**Exercise details**
Starting at the first line of the data below, write out each line exactly until you reach the line containing "Grey Colour black", and include that line too.
Excerpted records: Begin
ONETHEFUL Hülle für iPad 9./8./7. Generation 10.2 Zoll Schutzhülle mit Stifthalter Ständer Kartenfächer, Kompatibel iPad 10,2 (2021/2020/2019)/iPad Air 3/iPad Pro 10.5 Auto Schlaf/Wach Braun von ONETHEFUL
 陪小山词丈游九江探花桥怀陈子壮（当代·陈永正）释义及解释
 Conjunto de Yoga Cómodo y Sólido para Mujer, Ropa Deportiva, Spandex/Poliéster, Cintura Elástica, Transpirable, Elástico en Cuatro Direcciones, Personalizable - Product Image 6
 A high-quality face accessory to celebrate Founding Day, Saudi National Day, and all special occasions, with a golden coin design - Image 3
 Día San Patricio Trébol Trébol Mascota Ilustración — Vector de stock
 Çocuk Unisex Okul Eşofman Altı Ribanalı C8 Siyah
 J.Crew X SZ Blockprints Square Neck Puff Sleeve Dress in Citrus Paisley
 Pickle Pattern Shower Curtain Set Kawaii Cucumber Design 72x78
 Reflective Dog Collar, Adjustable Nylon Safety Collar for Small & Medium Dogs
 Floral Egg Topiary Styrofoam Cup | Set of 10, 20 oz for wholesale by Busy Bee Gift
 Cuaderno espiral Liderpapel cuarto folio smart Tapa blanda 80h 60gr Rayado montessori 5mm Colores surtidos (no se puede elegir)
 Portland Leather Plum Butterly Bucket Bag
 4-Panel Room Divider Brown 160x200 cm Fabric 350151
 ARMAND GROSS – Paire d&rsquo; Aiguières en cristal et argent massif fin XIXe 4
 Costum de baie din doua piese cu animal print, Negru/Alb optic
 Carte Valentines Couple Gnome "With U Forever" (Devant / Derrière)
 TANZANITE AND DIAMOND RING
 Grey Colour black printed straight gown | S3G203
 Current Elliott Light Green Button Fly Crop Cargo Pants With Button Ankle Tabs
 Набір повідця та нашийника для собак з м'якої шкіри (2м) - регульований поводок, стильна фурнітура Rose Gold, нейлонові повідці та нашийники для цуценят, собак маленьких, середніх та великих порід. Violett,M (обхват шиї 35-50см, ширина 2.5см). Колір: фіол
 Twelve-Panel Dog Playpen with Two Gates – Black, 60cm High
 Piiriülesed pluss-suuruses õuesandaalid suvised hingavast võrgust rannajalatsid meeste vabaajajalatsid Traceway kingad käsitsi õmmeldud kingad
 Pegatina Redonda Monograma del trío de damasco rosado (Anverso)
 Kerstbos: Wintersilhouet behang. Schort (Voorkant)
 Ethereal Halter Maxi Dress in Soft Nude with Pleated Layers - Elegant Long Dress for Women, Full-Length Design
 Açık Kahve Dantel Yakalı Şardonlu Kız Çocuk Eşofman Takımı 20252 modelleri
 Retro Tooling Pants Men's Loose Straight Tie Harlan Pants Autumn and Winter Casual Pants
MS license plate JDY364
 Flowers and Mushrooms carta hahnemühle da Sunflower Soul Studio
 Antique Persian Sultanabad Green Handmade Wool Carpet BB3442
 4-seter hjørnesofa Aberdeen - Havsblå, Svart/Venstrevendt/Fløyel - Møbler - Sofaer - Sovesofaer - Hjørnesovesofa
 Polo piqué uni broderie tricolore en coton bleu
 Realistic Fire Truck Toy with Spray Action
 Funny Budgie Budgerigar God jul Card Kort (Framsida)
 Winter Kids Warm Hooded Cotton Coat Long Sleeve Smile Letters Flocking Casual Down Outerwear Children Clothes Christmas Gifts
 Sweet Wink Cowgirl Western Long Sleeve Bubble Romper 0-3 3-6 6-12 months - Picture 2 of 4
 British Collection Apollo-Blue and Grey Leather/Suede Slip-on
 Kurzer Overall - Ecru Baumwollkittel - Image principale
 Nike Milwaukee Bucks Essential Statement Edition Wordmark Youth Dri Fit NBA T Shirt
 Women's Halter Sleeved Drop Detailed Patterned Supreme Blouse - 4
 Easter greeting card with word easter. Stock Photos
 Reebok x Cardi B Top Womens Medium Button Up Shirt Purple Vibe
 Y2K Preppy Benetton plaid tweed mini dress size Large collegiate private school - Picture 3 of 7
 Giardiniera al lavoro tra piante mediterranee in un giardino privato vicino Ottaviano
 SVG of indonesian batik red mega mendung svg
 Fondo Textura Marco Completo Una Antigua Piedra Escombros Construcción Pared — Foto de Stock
Excerpted records: End
**Solution**
ONETHEFUL Hülle für iPad 9./8./7. Generation 10.2 Zoll Schutzhülle mit Stifthalter Ständer Kartenfächer, Kompatibel iPad 10,2 (2021/2020/2019)/iPad Air 3/iPad Pro 10.5 Auto Schlaf/Wach Braun von ONETHEFUL
 陪小山词丈游九江探花桥怀陈子壮（当代·陈永正）释义及解释
 Conjunto de Yoga Cómodo y Sólido para Mujer, Ropa Deportiva, Spandex/Poliéster, Cintura Elástica, Transpirable, Elástico en Cuatro Direcciones, Personalizable - Product Image 6
 A high-quality face accessory to celebrate Founding Day, Saudi National Day, and all special occasions, with a golden coin design - Image 3
 Día San Patricio Trébol Trébol Mascota Ilustración — Vector de stock
 Çocuk Unisex Okul Eşofman Altı Ribanalı C8 Siyah
 J.Crew X SZ Blockprints Square Neck Puff Sleeve Dress in Citrus Paisley
 Pickle Pattern Shower Curtain Set Kawaii Cucumber Design 72x78
 Reflective Dog Collar, Adjustable Nylon Safety Collar for Small & Medium Dogs
 Floral Egg Topiary Styrofoam Cup | Set of 10, 20 oz for wholesale by Busy Bee Gift
 Cuaderno espiral Liderpapel cuarto folio smart Tapa blanda 80h 60gr Rayado montessori 5mm Colores surtidos (no se puede elegir)
 Portland Leather Plum Butterly Bucket Bag
 4-Panel Room Divider Brown 160x200 cm Fabric 350151
 ARMAND GROSS – Paire d&rsquo; Aiguières en cristal et argent massif fin XIXe 4
 Costum de baie din doua piese cu animal print, Negru/Alb optic
 Carte Valentines Couple Gnome "With U Forever" (Devant / Derrière)
 TANZANITE AND DIAMOND RING
 Grey Colour black printed straight gown | S3G203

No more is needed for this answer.